When I first started building engines from castings I made up a fixture plate. It was a piece of ¾ X 6 X 12 hot rolled steel. I fly cut it as flat & square as I could. I used this plate as a fixture for most of the setups on the base casting for most of my engines. So far I have built an Economy, 2 Atkinsons, 2 Red Wing Thorobreds, a New Holland, & now 3 Associated Hired Mans using this fixture. It is especially helpful when you are building more than one at a time. I highly recommend you take the time to build a similar fixture before you even start these engines.
You can see this one has had a lot of use.
The first thing to do with new castings is to compare them to the print. I usually do a quick layout with a height gage on the castings to make sure all the functional holes line up with the details on the castings. They don't always line up good and you may have to adjust the pattern a little to allow for the variations in castings.
The first machining operation is to flatten the base and square it up with the rest of the casting. This usually amounts to shimming the casting from end to end and side to side so that all the details are in their proper alignment. This can be time consuming but pays off in the long run.
Clamping sometime requires some imagination and isn't always the most secure setup. By taking light cuts on the casting you can usually get by without problems.
Once the bottom is flat and square with the world, I turn the casting over and take a light cut on the bearing journals just enough to make a couple parallel surfaces for later setups.
Next I remount the castings on the two parallel surfaces and an adjustable third point for leveling.
This setup is used to locate & drill the 4 corner mounting holes as well as adding 2 small dowel pin holes. (This operation probably could have been don on the first setup but I like to double check the squareness of the bottom surface before I machine any additional details.) The 1/8 dowel pin hole do not go through the castings.

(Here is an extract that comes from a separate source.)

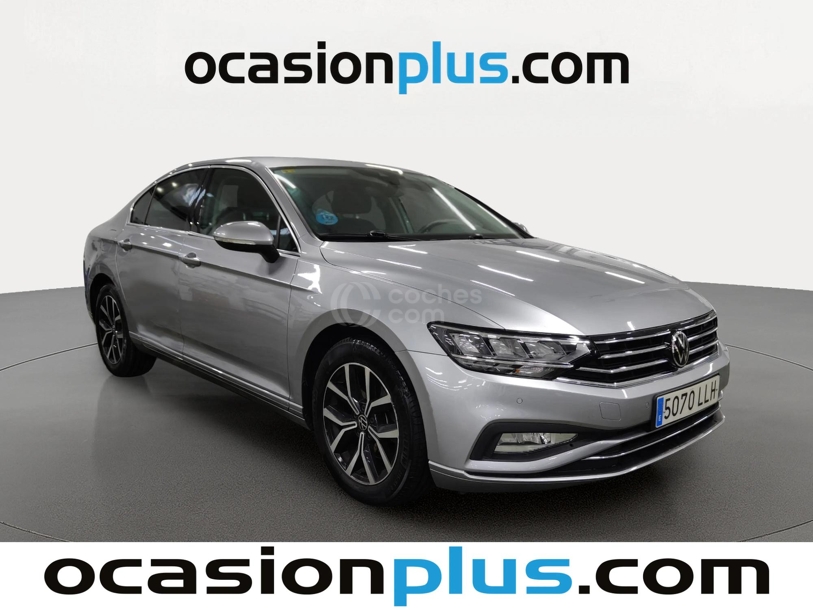 Foto del VOLKSWAGEN Passat 2.0TDI EVO Executive DSG7 110kW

After this operation is done, put the same hole pattern on the fixture plate. This time drill & tap the mounting holes. From now on you can locate & mount the castings on this plate & be certain of the location. You can switch from one casting to the other for each operation and be certain that you are on location. It will cut the machining time for the second casting down to a third or less as most of the time is in the initial setup.
Following are photos of some of the various setups I used for my 3 Associated engines.

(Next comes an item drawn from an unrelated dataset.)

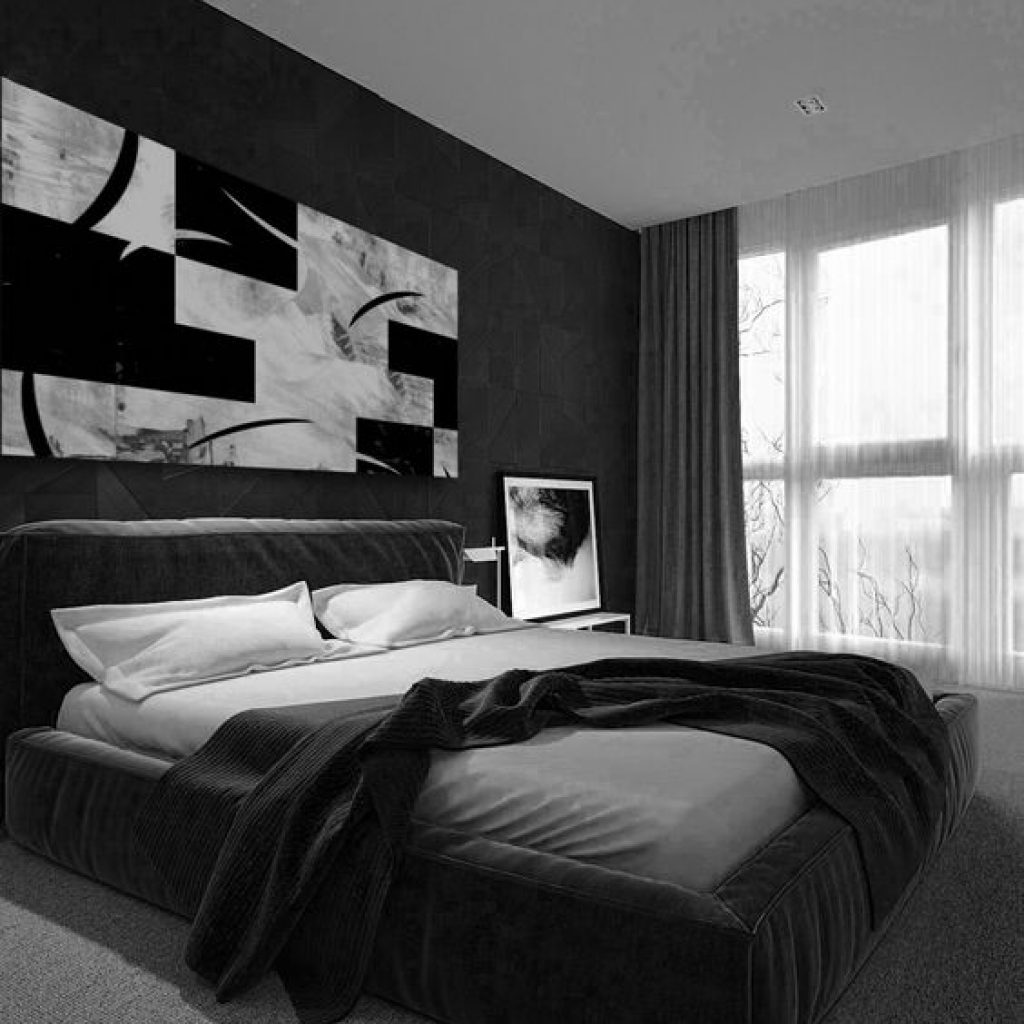 3119fa198ec2e716445451d0deecf1aa طراحی اتاق خواب با بهترین ایده‌ها برای دکوراسیون جذاب و دوست داشتنی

Drilling and tapping some of the details on the side of the casting. I also drill & ream a small locating hole for the bearing crank bearing.

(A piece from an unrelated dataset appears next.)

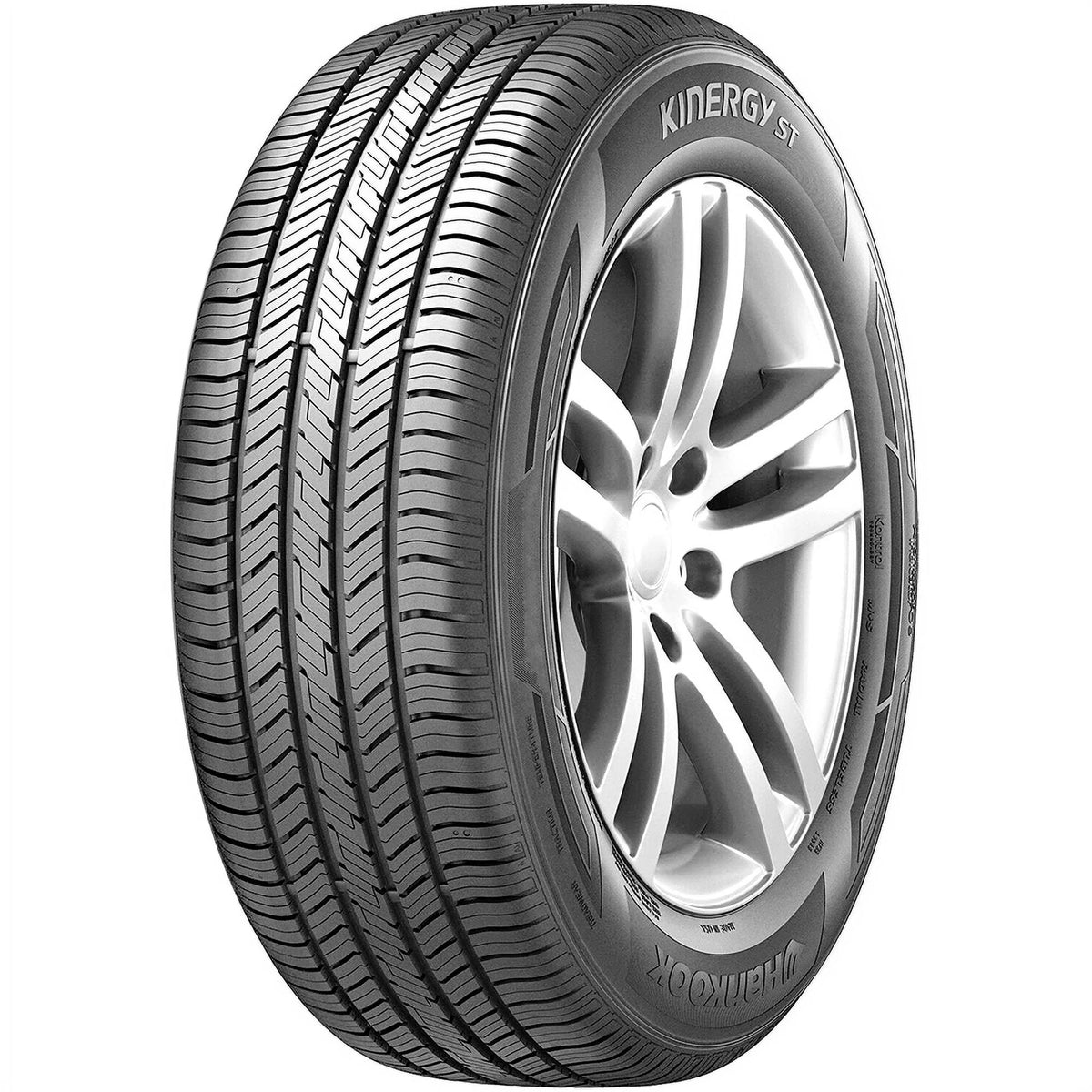 All Season 235/65R17 104H Passenger Tire O570223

I setup at the proper angle for the bearing journals. Machine the journal surfaces down to 1/2 the diameter of the small locator holes.
Next bore the bearing holes on location and to size.
The fixture is also used to machine the details in a vertical position.
I think you can see the advantages of spending the time and ewffort to make up a fixture. It is very fast & easy to switch back and forth from two or more casting have be on location for each operation.
Hope this is what you were looking for. If there is anything more I can help with, just ask. I am nearing the completion of my engines.